■ Work task:
Word for word, restate the lines of the listing below from the line with "Breretons Bakery and" through the line with "Triebstränge in Fahrzeugen", and do not include the pictures.

■ Material to process:
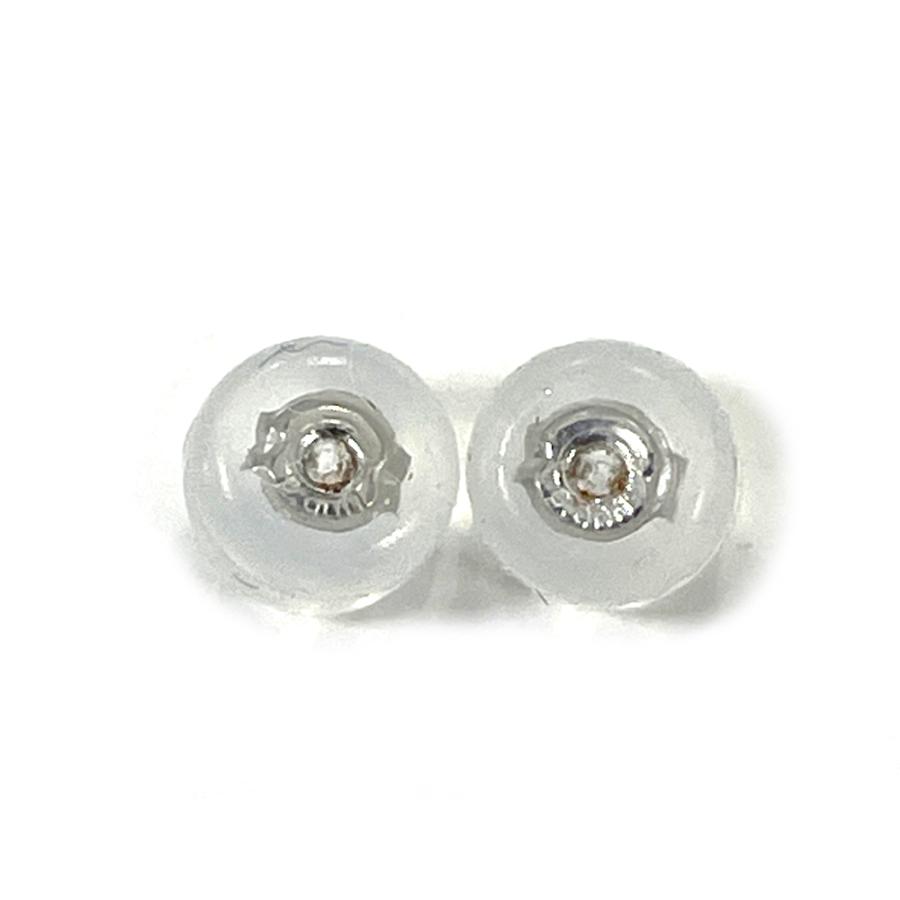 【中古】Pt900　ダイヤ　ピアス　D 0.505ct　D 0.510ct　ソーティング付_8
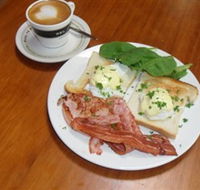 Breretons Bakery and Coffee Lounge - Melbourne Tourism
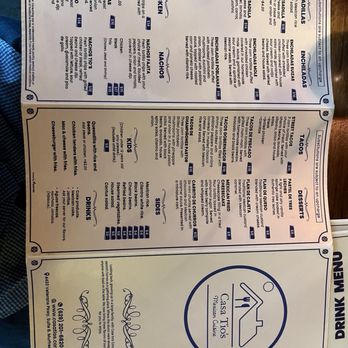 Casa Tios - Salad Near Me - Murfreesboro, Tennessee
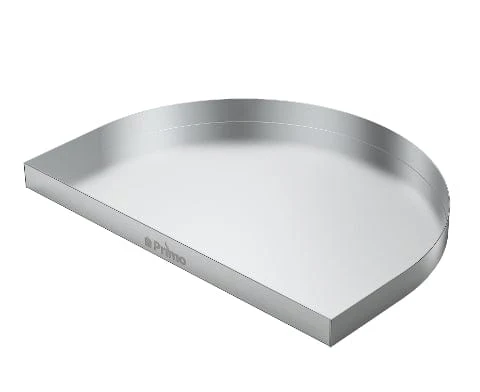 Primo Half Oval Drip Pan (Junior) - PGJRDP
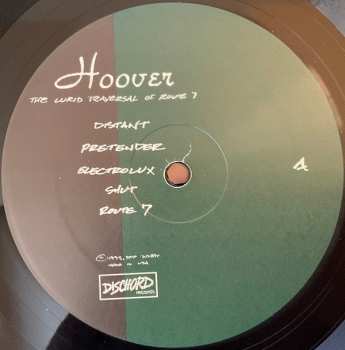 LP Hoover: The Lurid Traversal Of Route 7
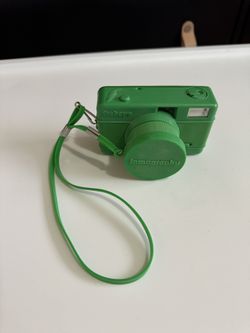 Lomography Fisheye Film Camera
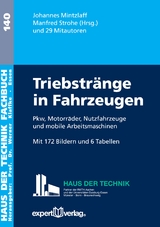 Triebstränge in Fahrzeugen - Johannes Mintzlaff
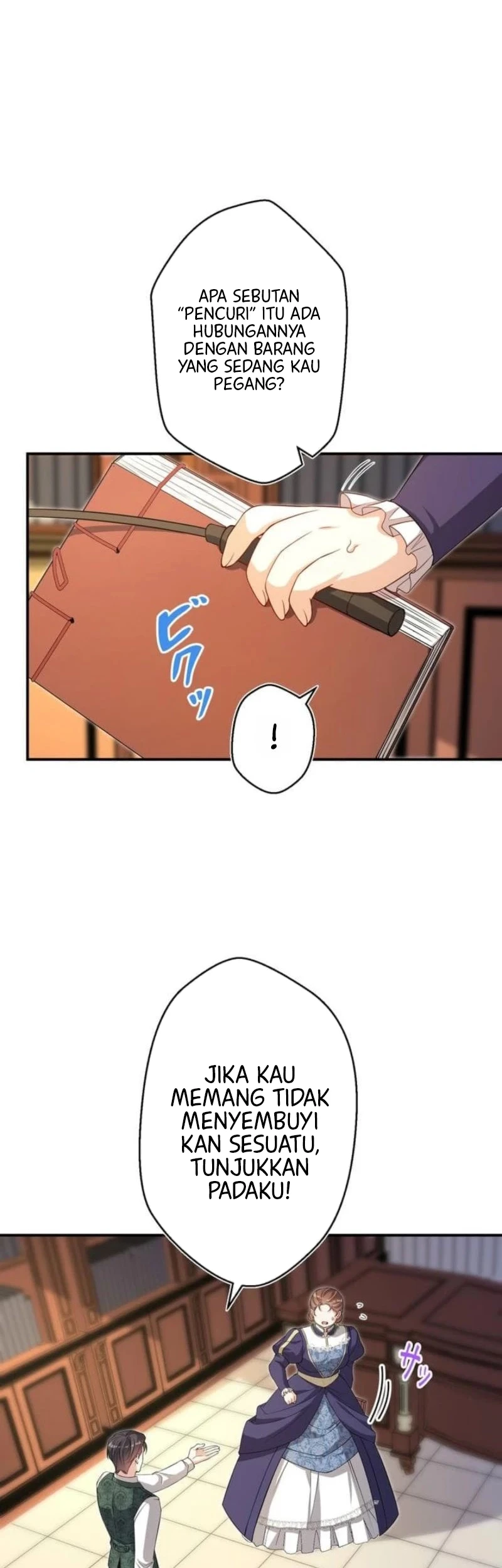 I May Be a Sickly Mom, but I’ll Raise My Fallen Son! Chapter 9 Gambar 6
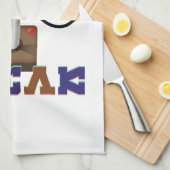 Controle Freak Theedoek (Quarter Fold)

==

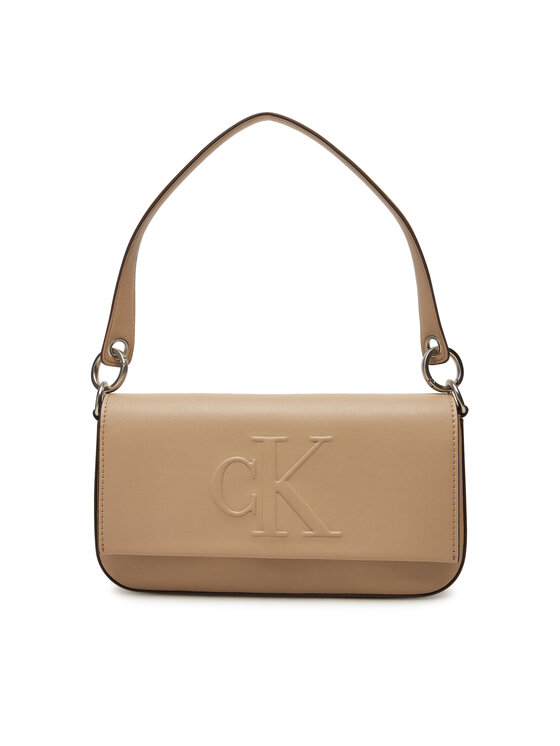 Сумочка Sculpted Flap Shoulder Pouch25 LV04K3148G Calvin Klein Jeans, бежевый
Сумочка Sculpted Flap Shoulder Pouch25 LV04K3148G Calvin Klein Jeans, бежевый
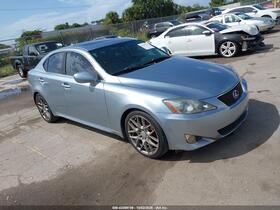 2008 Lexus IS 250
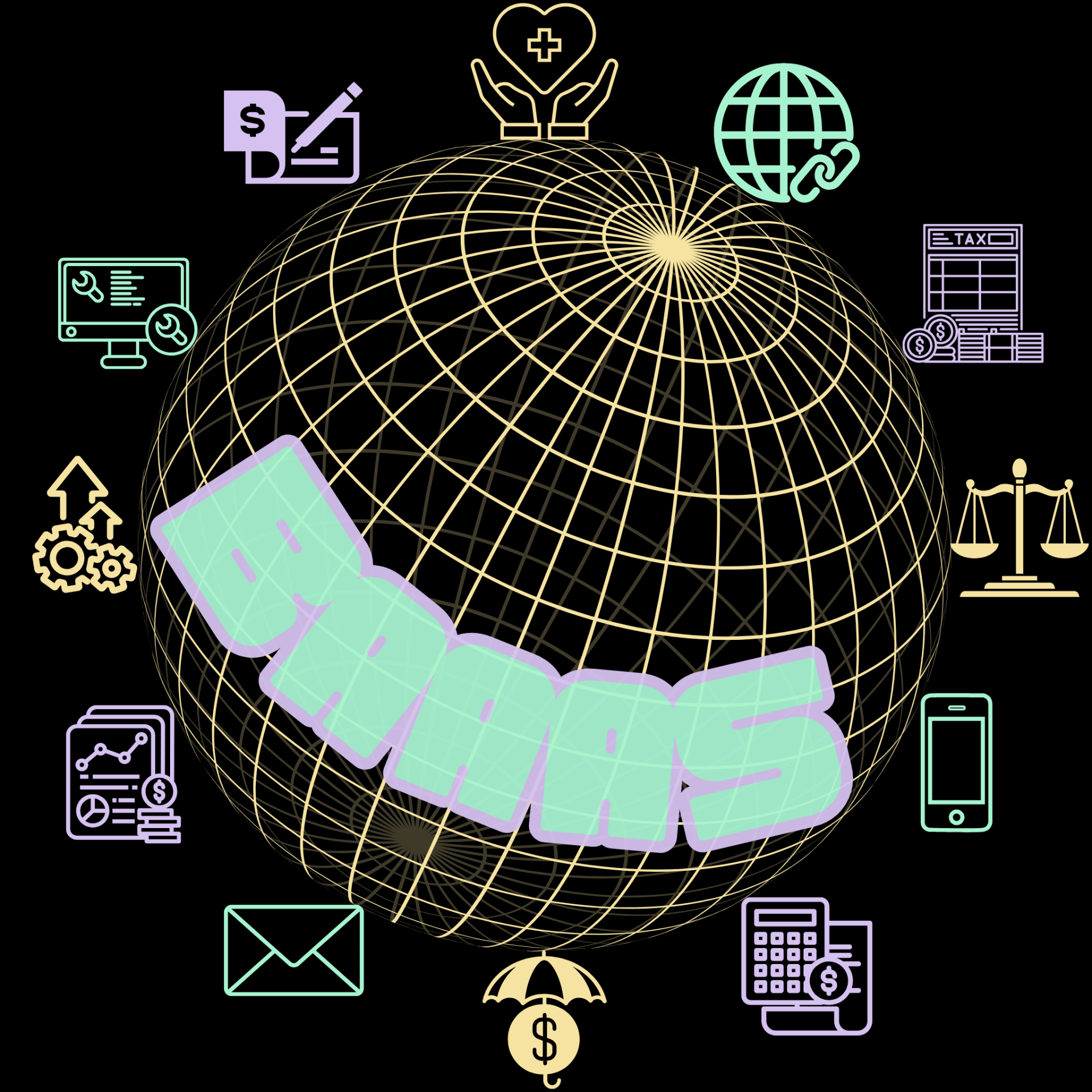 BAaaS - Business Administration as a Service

--

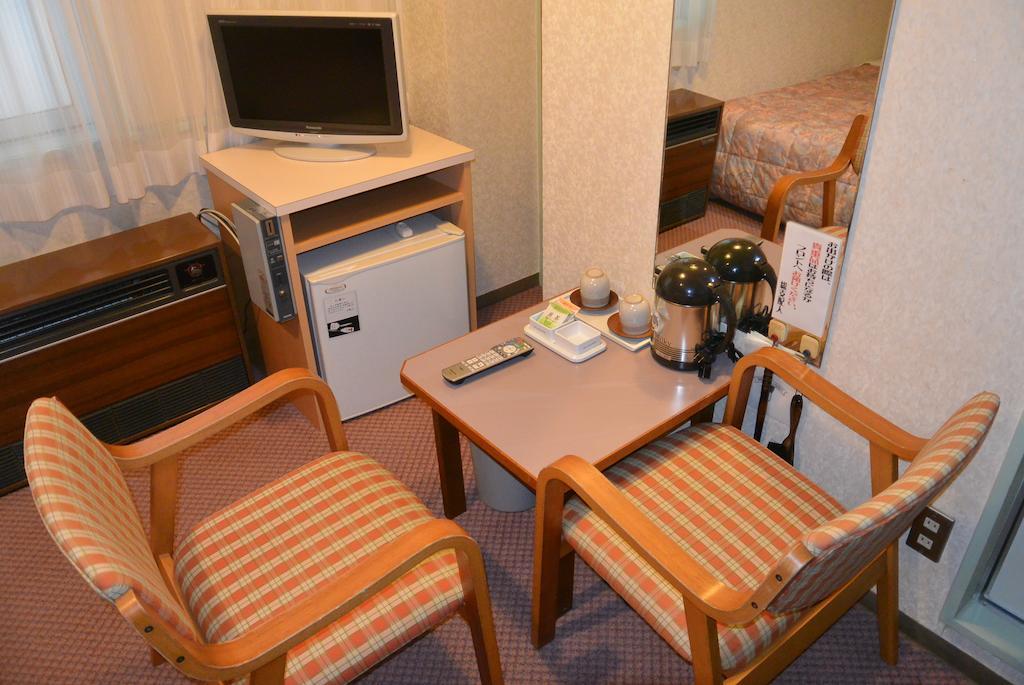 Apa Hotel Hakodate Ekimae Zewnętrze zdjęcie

■ Expected output:
 Breretons Bakery and Coffee Lounge - Melbourne Tourism
 Casa Tios - Salad Near Me - Murfreesboro, Tennessee
 Primo Half Oval Drip Pan (Junior) - PGJRDP
 LP Hoover: The Lurid Traversal Of Route 7
 Lomography Fisheye Film Camera
 Triebstränge in Fahrzeugen - Johannes Mintzlaff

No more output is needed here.